Come acquisire la grazia delle lagrime

 

Come possiamo ottenere la grazia della compunzione? Ebbene, se invece di un cuore arido e desolato cerchi l'abbondanza delle lacrime, non solo devi sganciarti dallo strepito degli affari mondani, ma persino spesso occorrerà ritrarti dalle piacevoli conversazioni degli incontri fraterni.

Amputa da te ogni cura e preoccupazione per le attività del secolo, affrettati a rimuoverle come macerie ingombranti, come ostacoli che ostruiscono il fluire della sorgente interiore. A volte un'acqua che sale da profondità abissali, si raccoglie in una conca, ma non può defluire perché, i massi le sbarrano il corso. Così nel cuore umano quella mestizia, che nasce dal meditare la profondità dei divini giudizi, non può erompere in un torrente di lacrime se la bloccano attività puramente terrene. Questa tristezza di cielo è come la sostanza delle lacrime, ma perché la vena di questa fonte fluisca, devi allontanare tutti gli sbarramenti terreni e mondani.

Come un agricoltore solerte e prudente, mettiti a lavorare il tuo campo dalla mattina alla sera; fendi la terra del cuore con il vomere della santa disciplina, rompi per benino le zolle della tua durezza, suda e fatica a estirpare i rovi delle passioni; poi, con gli occhi puntati in cielo, attendi l'abbondanza della pioggia celeste.

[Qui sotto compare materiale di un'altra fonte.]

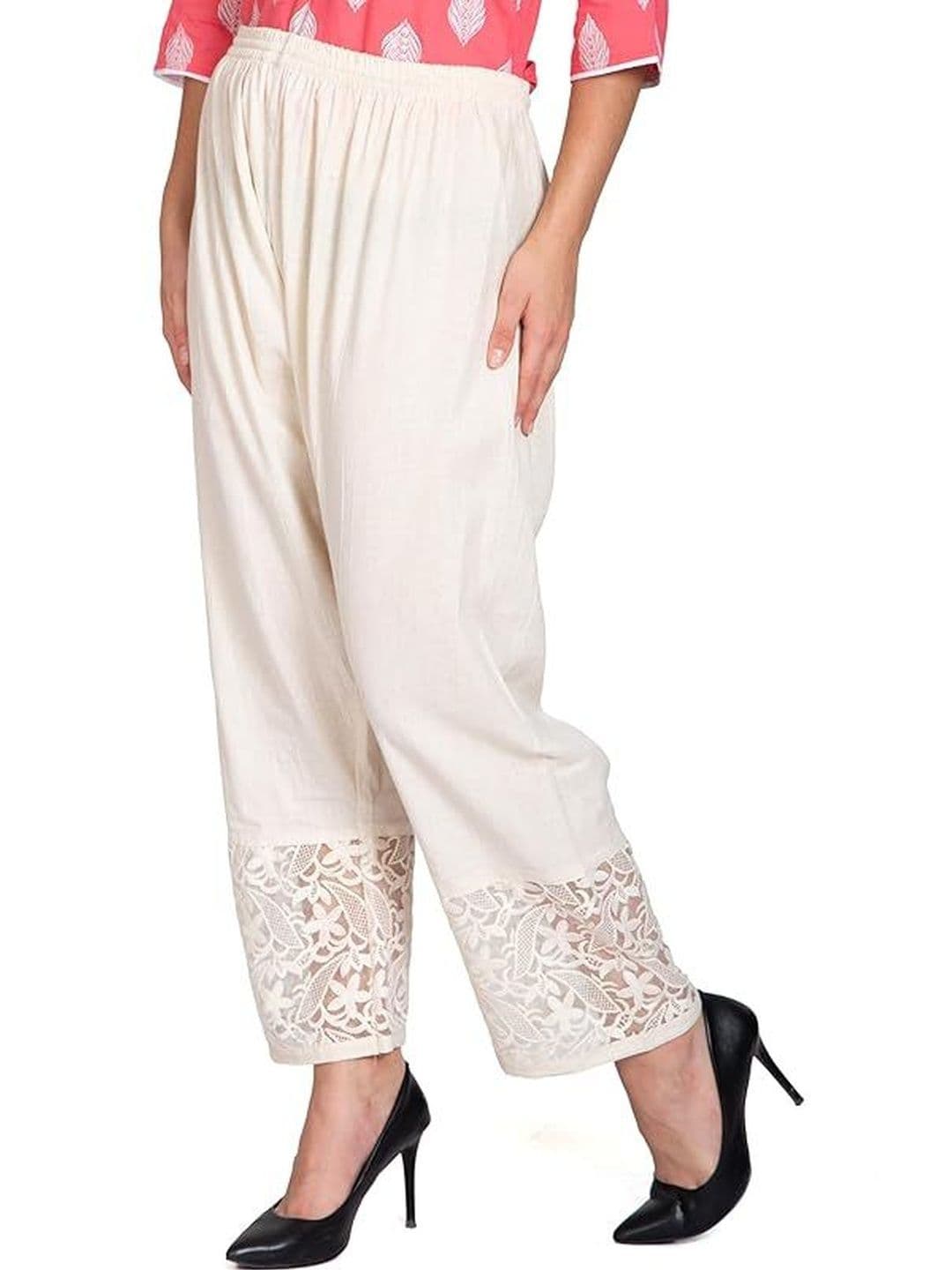 TNQ Women Floral Embroidered Cropped Ethnic Palazzos thumbnail 4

Il Padrone di tutto sta dietro il nostro muro; guarda dalla finestra, spia attraverso le inferriate. Se nella sua imperscrutabile provvidenza trattiene per un poco la pioggia, purché ti veda vigile e impegnato, non tarderà ad irrigare con l'abbondanza dei suoi doni il tuo campo e lo rivestirà con i fiori variopinti delle virtù. Allora quella terra, che sembrava sterile e squallida, diverrà lussureggiante di messi e produrrà frutti abbondanti.

  

 

191

 

Dall'Opuscolo sull'osservanza eremitica di San Pier Damiani.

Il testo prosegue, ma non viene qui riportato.